VLERange: a range in between BidirectionalRange and RandomAccessRange

Mon Jan 17 15:13:42 PST 2011

On 01/17/2011 07:57 PM, Andrei Alexandrescu wrote:
> On 1/17/11 12:23 PM, spir wrote:
>> Andrei, would you have a look at Text's current state, mainly
>> theinterface, when you have time for that (no hurry) at
>> https://bitbucket.org/denispir/denispir-d/src
>> It is actually a bit more than just a string type considering true
>> characters as natural elements.
>> * It is a textual type providing a client interface of common text
>> manipulation methods similar to ones in common high-level languages.
>> (including the fact that a character is a singleton string)
>> * The repo also holds the main module (unicodedata) of Text's sister lib
>> (dunicode), providing access to various unicode algos and data.
>> (We are about to merge the 2 libs into a new repository.)
>
> I think this is solid work that reveals good understanding of Unicode.
> That being said, there are a few things I disagree about and I don't
> think it can be integrated into Phobos.
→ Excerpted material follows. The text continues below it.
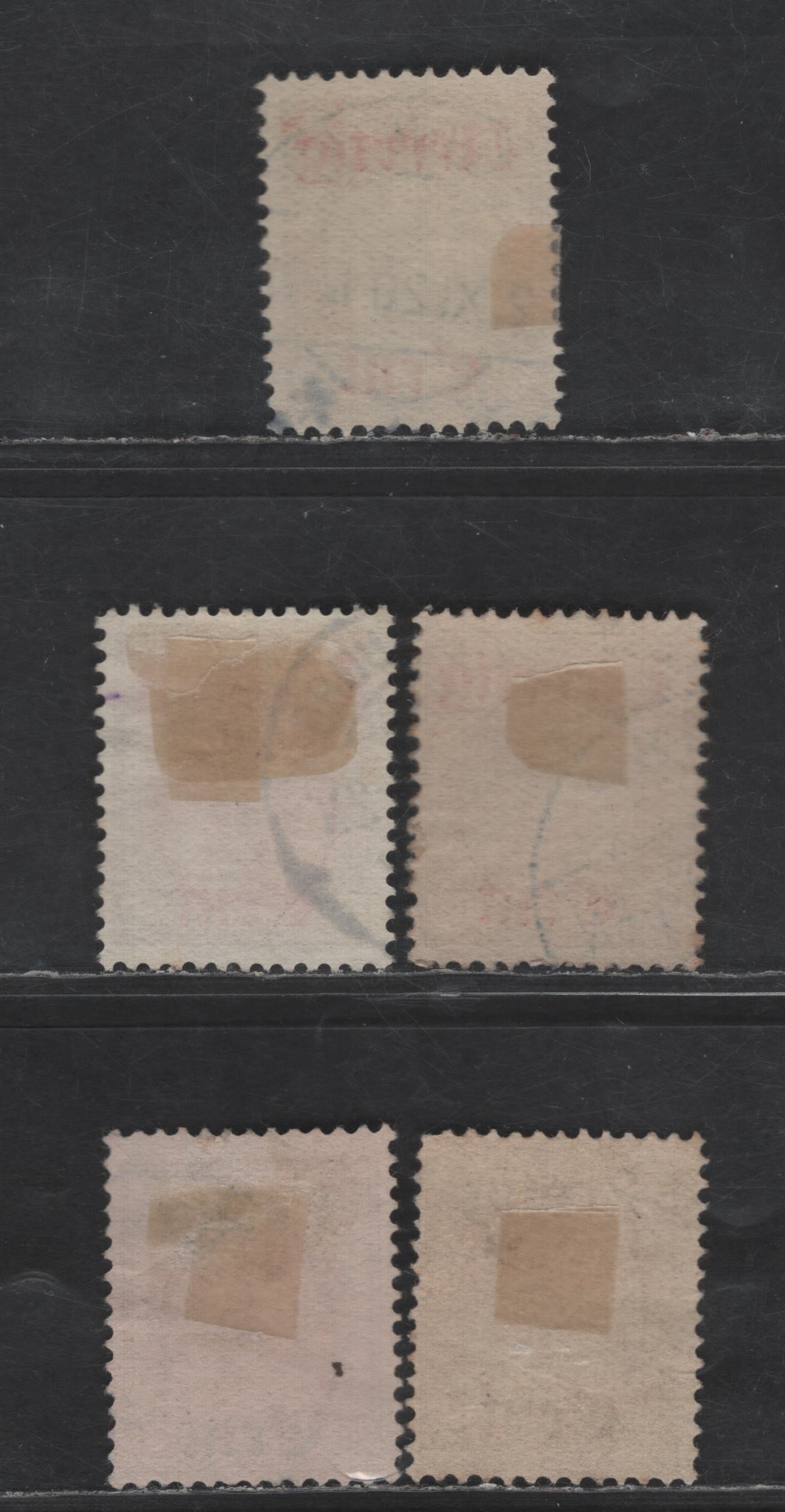 Lot 220 Netherlands SC#102-103 40c on 30c - 60c Lilac & Gray Queen Wilhelmina, 1919 Surcharged Issue, 5 Fine/Very Fine Used Singles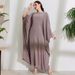 Muslim Dress Women's Clothing Elegant Muslim Dress With Batwing Sleeves Modest Long Skirt For Women_ecoleips.com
We are exploring a new field. (Except for the work Objective-C designers 
did -- but we just discovered it.)

> One thing is that it looks a lot
> more like D1 code than D2. D2 code of this kind is automatically
> expected to play nice with the rest of Phobos (ranges and algorithms).
> As it is, the code is an island that implements its own algorithms
> (mostly by equivalent handwritten code).

Right. We precisely initially wanted to let it play nicely with the rest 
of new Phobos. This meant mainly provide a range interface, which also 
gives access to std.algorithm routines. But we were blocked by current 
bugs related to ranges. I have posted about those issues (you may 
remember having replied to this post).

> In detail:
>
> * Line 130: representing a text as a dchar[][] has its advantages but
> major efficiency issues. To be frank I think it's a disaster. I think a
> representation building on UTF strings directly is bound to be vastly
> better.

I don't understand your point. Where is the difference with D's builtin 
types, then?

Also, which efficiency issue do you mention? Upon text object 
construction, we do agree and I have given some data. But this happens 
only once; it is an investment intended to provide correctness first, 
and efficiency of _every_ operation on constructed text.
Upon speed ofsuch  methods / algorithms operating _correctly_ on 
universal text, precisely, since there is no alternative to Text (yet), 
there are also no available performance data to judge.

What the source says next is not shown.